Ces calorimètres, développés par le physicien français E. Calvet, sont un bloc métallique avec des canaux dans lesquels sont placées les cellules cylindriques. Dans la cellule, le processus étudié est effectué; un bloc métallique joue le rôle d'une coque (sa température reste constante avec une précision de 10 -5 -10 -6 K) La différence de température entre la cellule et l'unité est mesurée par une thermopile pouvant comporter jusqu'à 1000 joints. L'échange de chaleur entre la cellule et les champs électromagnétiques de la thermopile est proportionnel à la faible différence de température qui apparaît entre l'unité et la cellule lorsque la chaleur est libérée ou absorbée.

Très souvent, deux cellules sont placées dans le bloc, qui fonctionnent comme un calorimètre différentiel: la thermopile de chaque cellule a le même nombre de joints et, par conséquent, la différence de son champ électromagnétique vous permet de déterminer directement la différence de puissance. du flux de chaleur entrant dans les cellules.

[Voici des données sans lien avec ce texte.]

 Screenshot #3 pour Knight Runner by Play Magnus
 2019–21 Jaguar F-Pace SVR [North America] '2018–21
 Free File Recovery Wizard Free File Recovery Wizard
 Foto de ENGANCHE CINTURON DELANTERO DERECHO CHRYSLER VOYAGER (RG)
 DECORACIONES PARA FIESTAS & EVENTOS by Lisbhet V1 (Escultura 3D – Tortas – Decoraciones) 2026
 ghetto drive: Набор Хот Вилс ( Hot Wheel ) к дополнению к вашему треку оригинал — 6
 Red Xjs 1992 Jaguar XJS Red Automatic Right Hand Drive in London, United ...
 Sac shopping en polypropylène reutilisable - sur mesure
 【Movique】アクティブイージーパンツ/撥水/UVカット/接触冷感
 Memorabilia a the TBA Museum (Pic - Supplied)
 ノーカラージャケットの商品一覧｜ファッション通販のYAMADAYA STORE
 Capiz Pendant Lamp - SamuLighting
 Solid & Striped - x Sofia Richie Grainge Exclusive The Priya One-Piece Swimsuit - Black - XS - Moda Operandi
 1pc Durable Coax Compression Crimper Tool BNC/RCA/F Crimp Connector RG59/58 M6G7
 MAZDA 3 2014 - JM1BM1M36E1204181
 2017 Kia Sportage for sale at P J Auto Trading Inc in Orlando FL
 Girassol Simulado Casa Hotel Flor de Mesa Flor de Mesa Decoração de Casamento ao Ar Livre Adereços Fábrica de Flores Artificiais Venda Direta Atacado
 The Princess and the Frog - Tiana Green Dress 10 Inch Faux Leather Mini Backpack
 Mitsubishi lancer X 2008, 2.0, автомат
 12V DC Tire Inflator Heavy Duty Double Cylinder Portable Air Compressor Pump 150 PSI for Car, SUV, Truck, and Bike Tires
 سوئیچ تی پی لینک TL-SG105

Cette méthode de mesure élimine la distorsion de la valeur mesurée par les fluctuations aléatoires de la température du bloc. En général, deux piles thermiques sont montées dans chaque cellule: l'une permet de compenser la puissance thermique du processus étudié en fonction de l'effet Peltier et l'autre (indicateur) sert à mesurer la partie non compensée du flux de chaleur. Dans ce cas, l'appareil fonctionne comme un calorimètre à compensation différentielle. À la température ambiante, les calorimètres mesurent la puissance thermique des processus avec une précision de 1 μW.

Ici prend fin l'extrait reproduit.